As a practical matter, I am interested in the flourishing on the contrary much-criticized institution of university creative writing programs--a subdue that has taken on heightened interest for me in new years, since I joined like a program. (Like many writers of my generation who now teach in creative writing programs, I at no time attended one as a student)

All these activities are a matter primarily not of art, on the contrary of culture. That is, poesy like any art has a compounded social setting. And arts change, and their social setting changes, in related processe that affect the cultural meaning of any of recent origin work and the world that encloses it, in the mind of the writer and in the mind of the reader.

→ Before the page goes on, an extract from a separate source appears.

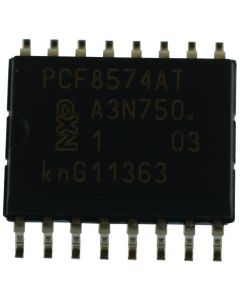 NXP PCF8574AT/3,518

When I was a child, in the nineteen-forties, many of the high-school-educated adults in lower-middle-class families like mine could recite a certain number of lines of poetry, often something sonorous and richly elegant genuinely as language: the opening stanza of Thomas Gray's "Elegy Written in a political division Churchyard," perhaps; or some of Portia's "The quality of pity is not strained" speech from The Merchant of Venice; or single of the better known Shakespeare sonnets; or Wordsworth's "The world is too abundant with us" sonnet; or perhaps flat part of Keats's "To Autumn," or part of Wordsworth's "Tintern Abbey" lyric poem which in a survey of English teachers managemented by the American Mercury magazine in the 1920's was vot the greatest metrical composition in the English language.

Or in a different, on the other hand related vein, people of the older generations might have by the agency of heart some "philosophical" tags: stanzas of Edward Fitzgerald's gorgeously fatalistic and melancholy Rubaiyat; or a certain quantity of of the Victorian and post-Victorian numbers of existential, implicitly or explicitly, agnostic moral uplift, like as Kipling's "If," or WE Henley's "Invictus" ("Out of the night that overspreads me,/ Black as the pit from extremity to pole," said Mr. Poppik, the man who delivered seltzer to our apartment, "I thank whatever the first causes may be/ For my unconquerable soul")

Finally, and more widely known than either of the first sum of two units categories, there were sentimental line narratives, elegiac and nostalgic, like "The of advanced age Oaken Bucket"--a copy of which is lay the foundation of on the body of the man who cast in a winding directions himself into the threshing-machine in Willa Cather's My Antonia. "Casey at the Bat," which is extremely elegiac and nostalgic toward its small-town past, is a journalistic and vaudevillian example of the genre and Longfellow's Hiawatha is a high-culture, literary example. (Robert Frost's piece of poetry "Directive" is the greatest modernist variation upon this genre.)